== Provided records ==
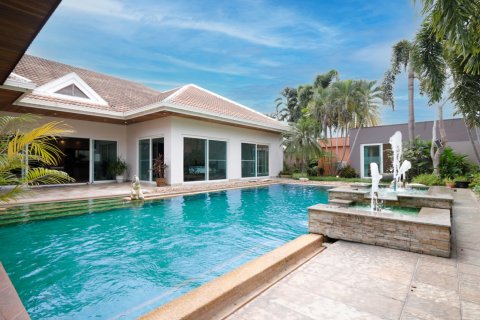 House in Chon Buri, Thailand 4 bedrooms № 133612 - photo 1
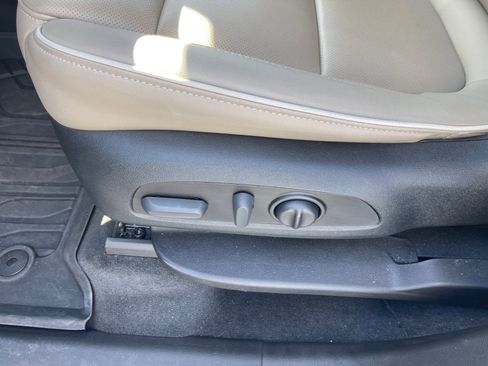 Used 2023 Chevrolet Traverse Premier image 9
* * *
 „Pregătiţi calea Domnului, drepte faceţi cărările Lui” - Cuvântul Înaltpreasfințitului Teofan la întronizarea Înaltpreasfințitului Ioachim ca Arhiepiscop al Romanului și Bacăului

== How to complete this task ==
Reproduce exactly the lines above that run from the one with "House in Chon" to the one with "Used 2023 Chevrolet Traverse Premier image 9", both included, leaving pictures out.

== Result for this exercise ==
 House in Chon Buri, Thailand 4 bedrooms № 133612 - photo 1
 Used 2023 Chevrolet Traverse Premier image 9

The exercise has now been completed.